Sears, Roebuck and Co. will eliminate 4,900 positions representing about 22 percent of its salaried corporate and regional staff during the next 18 months and will revise its merchandise offerings as part of its cost-cutting efforts, the company said yesterday.
About 1,300 positions will be cut at the company's headquarters by the end of next year, eliminating 19 percent of its 7,000 headquarters employees.
Also, 3,600 positions will be dropped from the field organization for its full-line department stores. The field organization, which employs 15,000, includes district and regional offices that supervise the company's 860 department stores.
Reports stated that instead of abandoning Sears' long-struggling apparel business, which chairman/CEO Alan J. Lacy acknowledged earlier this year he had considered, the company will focus even stronger on it. Lacy explained the company's move away from a more traditional department store business model at an analyst meeting in Chicago.
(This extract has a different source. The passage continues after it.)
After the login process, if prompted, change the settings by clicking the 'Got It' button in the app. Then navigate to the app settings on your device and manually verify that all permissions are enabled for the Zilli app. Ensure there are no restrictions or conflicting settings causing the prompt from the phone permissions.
Merchandise will be upgraded, the depth of assortments will be improved and the company will move to a single proprietary casual brand for its men's, women's and children's clothing.
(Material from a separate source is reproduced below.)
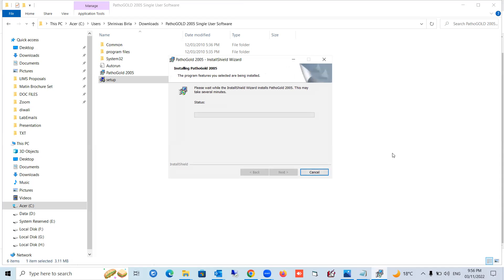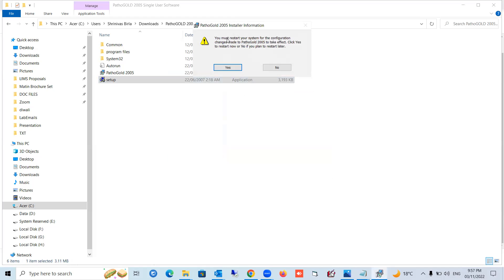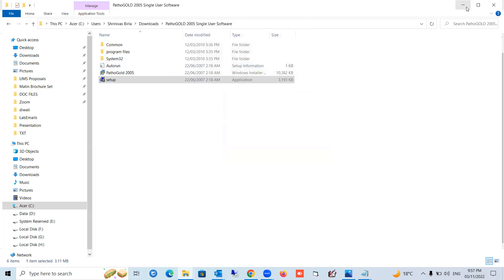Press Finish. Within a few seconds it will install — installation is very fast, depending on your computer speed. Once installation is completed, it will tell you to reboot your system. Press the Finish button and say yes to restart. After restarting, the software icon will appear on your desktop.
“Less productive” promotional activity will be eliminated.
The changes are expected to increase consolidated operating income by more than $1 billion, about 50 percent, to more than $3 billion. The company also expects to double profits from its retail and related services operations by 2004. It expects to achieve annual expense savings of about $600 million by 2004.
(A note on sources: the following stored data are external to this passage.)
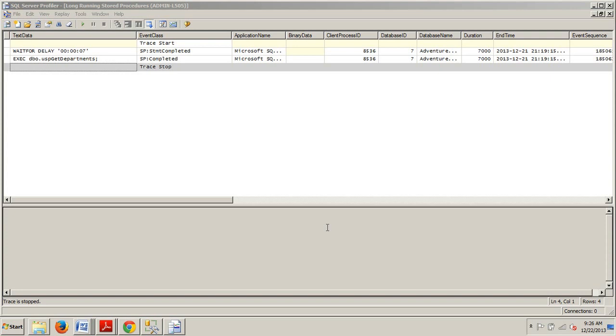If you've been following along I instructed you to leave the SQL Server Profiler up because you'd be using it again and if you didn't, no big deal. Just go ahead and watch my last tutorial number 88 and go through the steps and you'll be good to go.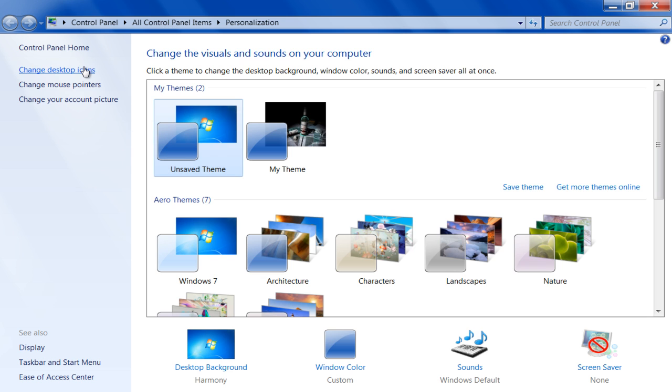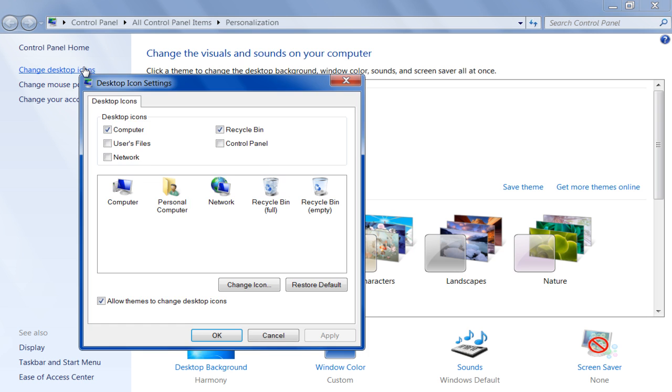Now click on the Change desktop icons option located at the top left corner of the window. Once the Desktop icon settings window opens up, select the icon which you want to change.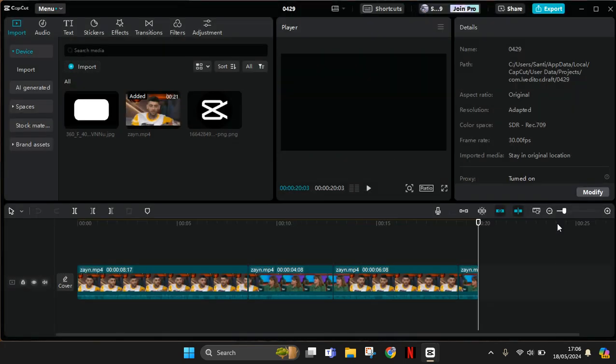After that, your CapCut PC should run smoothly. Thank you for watching. Don't forget to like, comment, and subscribe. Also click on the thanks button. Bye!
A greater emphasis will be placed on core merchandise categories such as home appliances and home fashions.
Retail analyst Kurt Barnard was quoted in press reports as saying the changes were long overdue.
“Sears has unfortunately fallen way behind a lot of competitors,” he said. “Sears is going through a major makeover, which I think will make it more profitable, more efficient and, above all, more attractive to shoppers.”
Under Lacy, Sears this year closed 89 unprofitable stores, stopped selling cosmetics, sold its pest-control business and ended some underperforming product lines such as bicycles and basketball gear, according to reports.
The company also reported third-quarter earnings, excluding non-comparable items, of $262 million, or 80 cents per share, compared with $261 million, or 76 cents per share, for last year's third quarter.